A faithful copy of the data, pictures omitted, is the required answer.

(Brief descriptive captions)
----------------
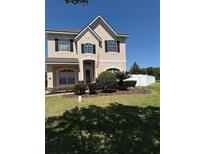 Charming two-story home featuring a well-manicured lawn and inviting curb appeal at 313 Tudor Spring Ct, Orlando, FL 32828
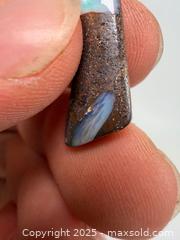 MaxSold Auction: Genuine Australian fire opal specimen with two opals - Concord (California, USA) SELLER MANAGED Estate Sale Online Auction - Landana Drive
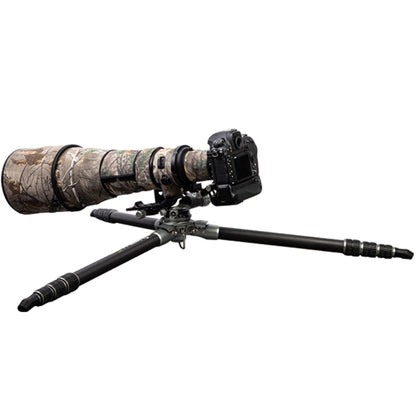 Fotopro E7 heavy-duty tripod fully extended for low-angle shooting, legs spread almost flat for ground-level photography, ideal for macro, wildlife, and bird photography in uneven or rugged terrain.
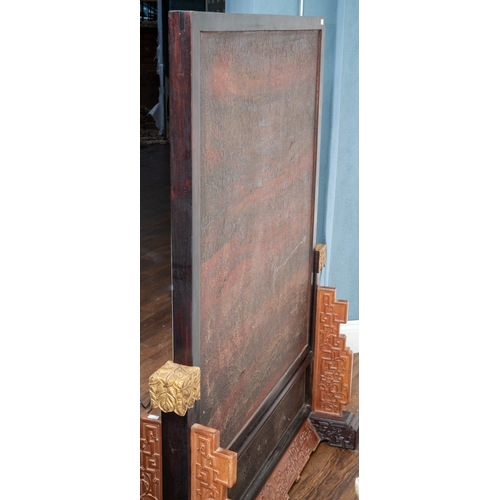 142 - A pair of 20th century Chinese floorstanding screens on separate stands, each decorated in the form ... 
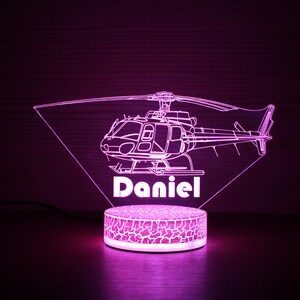 May include: A pink LED night light shaped like a helicopter with the name "Daniel" underneath. The light is on a white base with a textured surface.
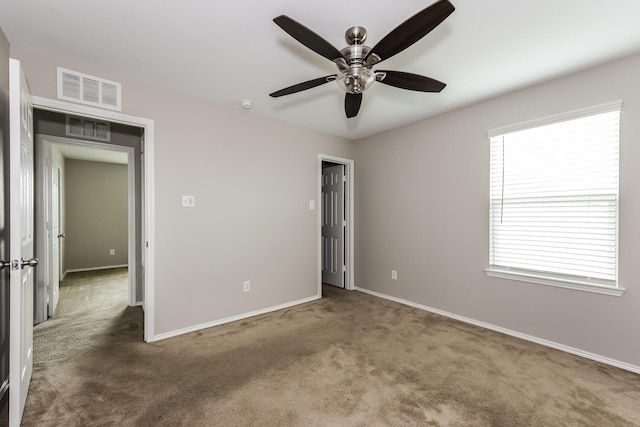 unfurnished bedroom with carpet, visible vents, and baseboards
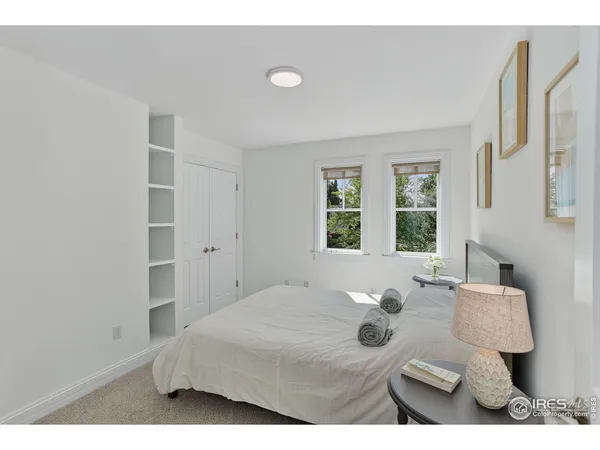 a bed room with a bed and a window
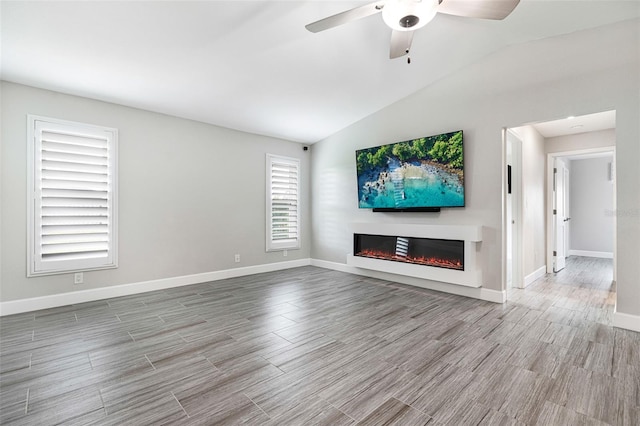 unfurnished living room featuring lofted ceiling, light hardwood / wood-style flooring, and ceiling fan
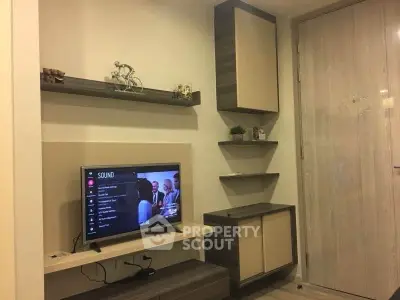 Modern living room with sleek shelves and mounted TV, perfect for cozy entertainment.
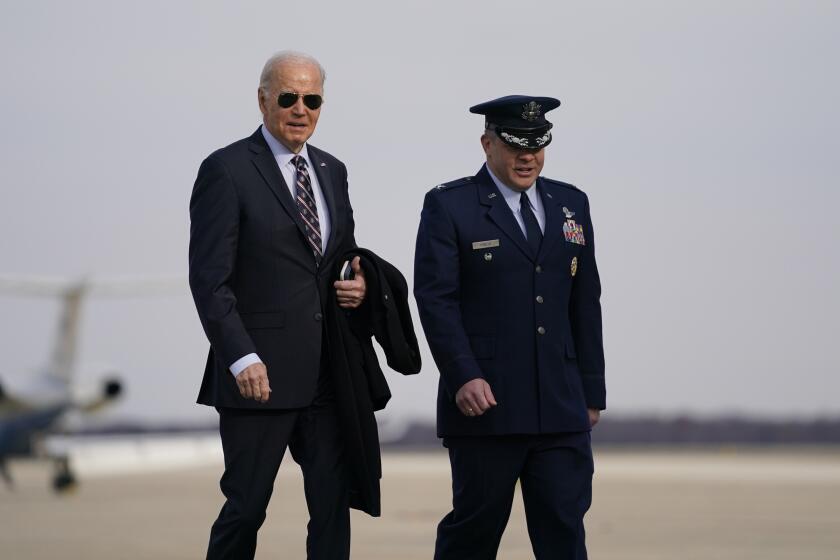President Joe Biden walks to board Air Force One for a trip to Boston to attend campaign fundraisers, Tuesday, Dec. 5, 2023, in Andrews Air Force Base, Md. (AP Photo/Evan Vucci)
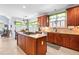 Open kitchen featuring an island cooktop, stone countertops, and tiled flooring near the breakfast nook at 215 Terrell Dr, Rolesville, NC 27571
----------------
_OUTPUT OF THE TASK:_
 Charming two-story home featuring a well-manicured lawn and inviting curb appeal at 313 Tudor Spring Ct, Orlando, FL 32828
 MaxSold Auction: Genuine Australian fire opal specimen with two opals - Concord (California, USA) SELLER MANAGED Estate Sale Online Auction - Landana Drive
 Fotopro E7 heavy-duty tripod fully extended for low-angle shooting, legs spread almost flat for ground-level photography, ideal for macro, wildlife, and bird photography in uneven or rugged terrain.
 142 - A pair of 20th century Chinese floorstanding screens on separate stands, each decorated in the form ... 
 May include: A pink LED night light shaped like a helicopter with the name "Daniel" underneath. The light is on a white base with a textured surface.
 unfurnished bedroom with carpet, visible vents, and baseboards
 a bed room with a bed and a window
 unfurnished living room featuring lofted ceiling, light hardwood / wood-style flooring, and ceiling fan
 Modern living room with sleek shelves and mounted TV, perfect for cozy entertainment.
President Joe Biden walks to board Air Force One for a trip to Boston to attend campaign fundraisers, Tuesday, Dec. 5, 2023, in Andrews Air Force Base, Md. (AP Photo/Evan Vucci)
 Open kitchen featuring an island cooktop, stone countertops, and tiled flooring near the breakfast nook at 215 Terrell Dr, Rolesville, NC 27571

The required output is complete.